The phone company stopped charging for touch-tone service because it BENEFITTED them, believe it or not. While you are entering a number on your phone, a piece of equipment shared by others is tied up accepting your digits. Obviously, using touch-tone is a LOT faster than using a rotary dial, releasing the equipment quicker so it can process someone else's call, so they needed FEWER RESOURCES to wean everyone to touch-tone.

HDTV is just the opposite. MORE resources are required to offer it. MORE bandwidth on the satellites, MORE sophisticated receiving equipment, MORE complex/expensive dish antenna/multiswitch, etc.

It will be a LONG time before all those millions and millions of SD DirecTV boxes get upgraded and the MPEG2 programming ends.
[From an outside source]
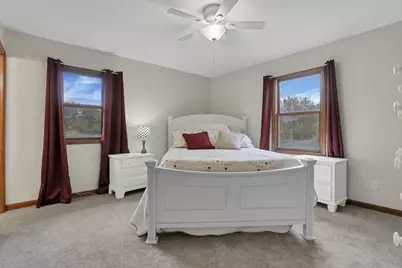 11311 Highland Park, Logan, OH 43138 - Photo 25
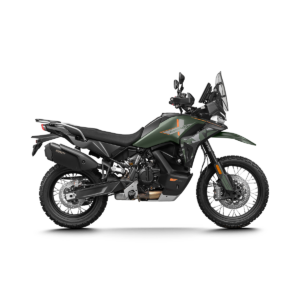 CFMOTO 1000MT-X Sport (ABS)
Right now, every link in the supply chain is wringing their hands celebrating HDTV for it's ability to generate revenue. The TV store. The cable/satellite provider. The TV manufacturers. The TV accessory providers. All love that extra nickel in their tin cup and freely hold out the cup. Even the broadcasters are happy. MULTIPLE channels broadcast over one transmitter offering MULTIPLE commercials at the same time!!


----------



## vikingguy (Aug 1, 2005)

Most people buy that HD-TV because of the form factor not the potential PQ upgrade. They just want a 3 inch thick TV to replace the monsterous CRT in the living room. The other part is HD is confusing to the average person. The average person just does not understand about sending the TV a HD source vs a SD source. That and the average person well just does not care about PQ/SQ at all. I think all HD providers have a long up hill battle ahead to get people to switch over.


----------



## spartanstew (Nov 16, 2005)

ThomasM said:


> HDTV is just the opposite. MORE resources are required to offer it. MORE bandwidth on the satellites, MORE sophisticated receiving equipment, MORE complex/expensive dish antenna/multiswitch, etc.


You don't think it will be EASIER and BENEFIT the providers several years from now when there is no SD? Won't it use LESS bandwidth and be LESS complex to only offer HD?

Sounds like it will be BENEFICIAL to the providers to stop charging for HD and only charge for one (HD) type of channel. Just like it was beneficial to the phone companies to only charge for one (touch tone) type of service (even though SD TV's will still work and rotary phones still work).


----------